Rules Under Settings
Section titled “Rules Under Settings”Rules can live at top level or under the setting that owns them. Nesting keeps provenance close to the control it describes:
[ai.providers.google]enabled = true
[ai.providers.google.rules.http.allow_gemini]on = "http.request"if = 'http.request.host == "generativelanguage.googleapis.com"'decision = "allow"priority = 0The resolver tags the emitted rule with
owner_setting_path = "ai.providers.google".
HTTP Callback Split
Section titled “HTTP Callback Split”HTTP request rules can use broad http.request callbacks or the read/write
split used by catch-all generation:
| Callback | Methods |
|---|---|
http.read | GET, HEAD, OPTIONS |
http.write | POST, PUT, PATCH, DELETE |
For example, a read-only profile can emit an allow catch-all for http.read
and a block catch-all for http.write.
Catch-All Rules
Section titled “Catch-All Rules”The resolver emits one catch-all per rule type at priority 1000. Catch-alls
run only when no earlier rule matched.
| Capability | Generated catch-alls |
|---|---|
security.capabilities.network_egress | dns.default, http.default_read, http.default_write, model.default |
security.capabilities.mcp_tools | mcp.default |
Non-Migrations
Section titled “Non-Migrations”The old hardcoded default allow/block lists are not migrated into profile
rules.
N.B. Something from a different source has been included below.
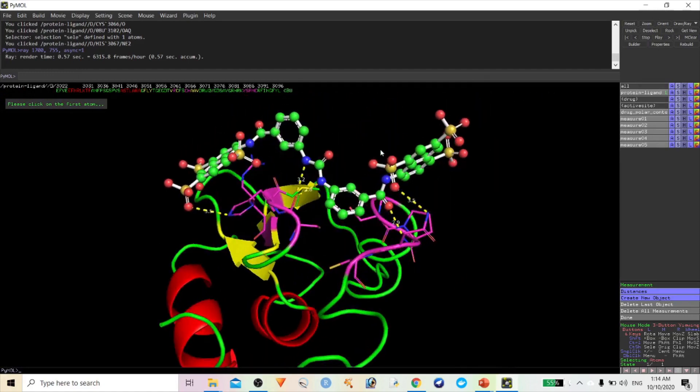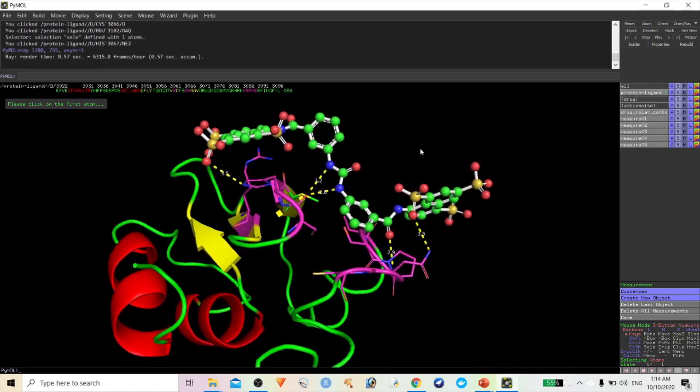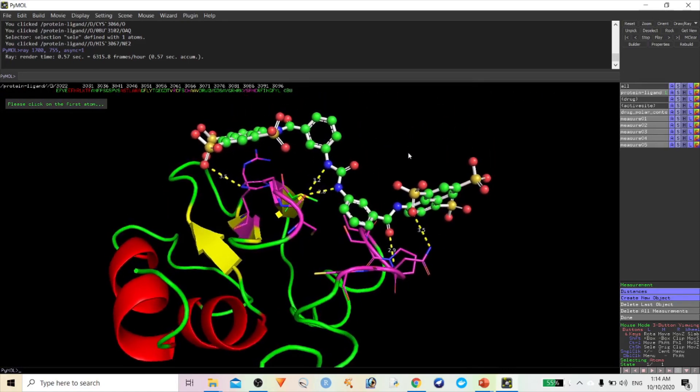Like this, we can easily find out what interactions are between the ligand and protein molecules, what types of interactions are there, and also which amino acids are surrounding the ligand molecule.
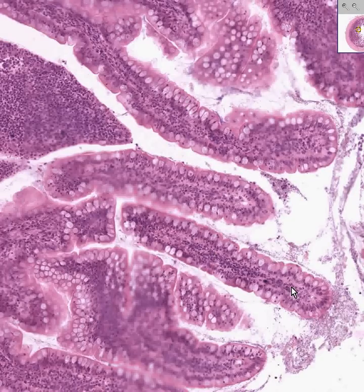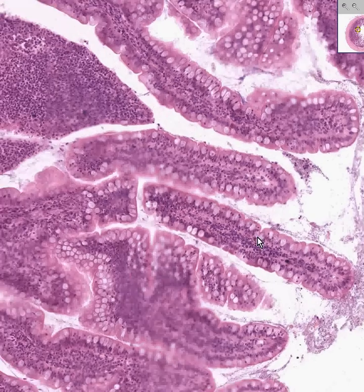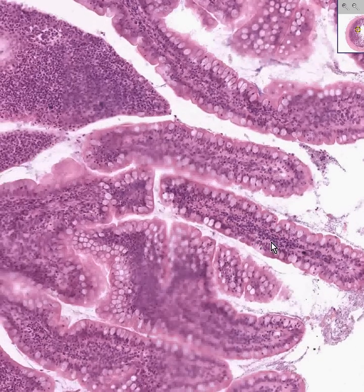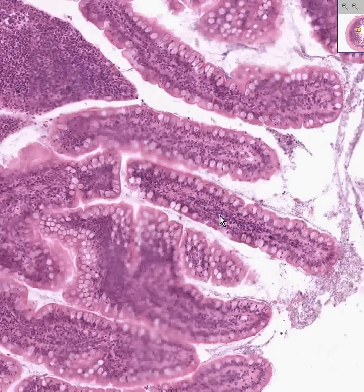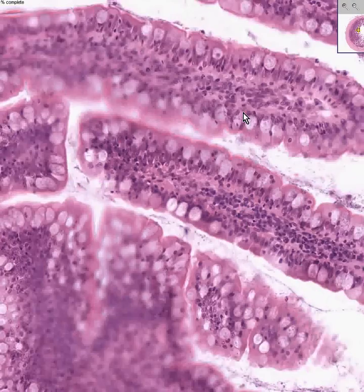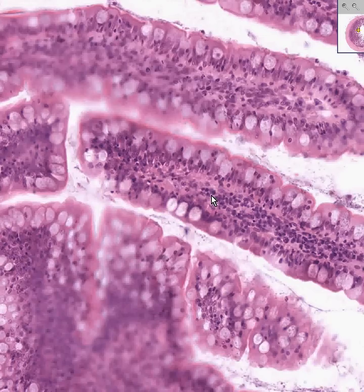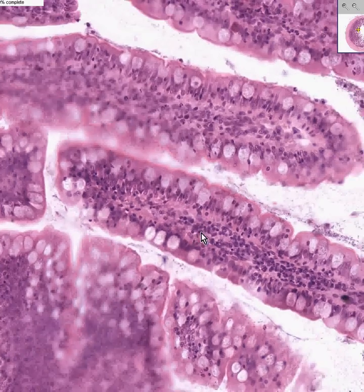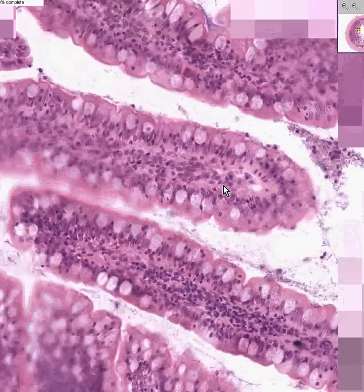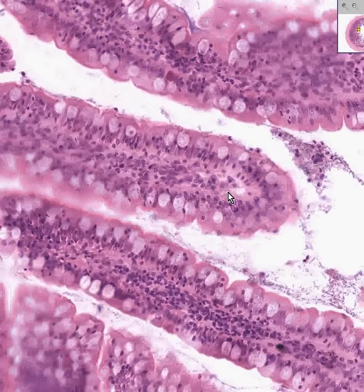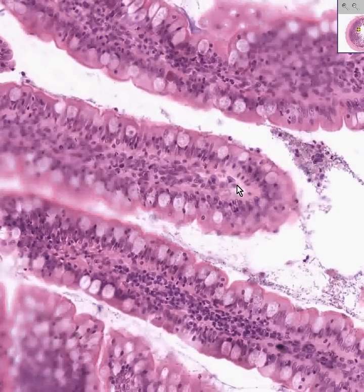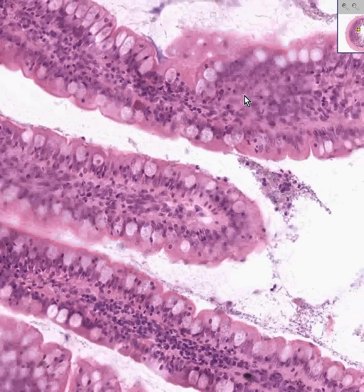The lamina propria constitutes the core of these papillary or villus structures in the mucosa. Like any other lamina propria, it is rich in cells like lymphocytes, macrophages, fibroblasts, and blood vessels. In addition, you will see many lymphatic-looking spaces — thin endothelial-lined spaces with no blood cells — which are the lacteals.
Hosts that should be reachable must be represented by explicit corp or
user rules. The old http_upstream_ports allowlist also exits with the removed
NetworkPolicy runtime.
Backtest And Evidence
Section titled “Backtest And Evidence”Both enforcement and detection support backtests. Backtests return aggregate counts plus up to 100 diverse matched evidence rows by default. Local evidence is not redacted for a user with access to the session; exported telemetry keeps bounded/redacted summaries.
Telemetry
Section titled “Telemetry”The Security Engine emits a resolved event before telemetry, audit logging, and detection export projections. The resolved event carries the final decision, findings, matched rules, mutations, trace/profile/VM/user attribution, and evidence refs. VM status and OpenTelemetry summaries are derived from those typed events, not from ad hoc policy tables.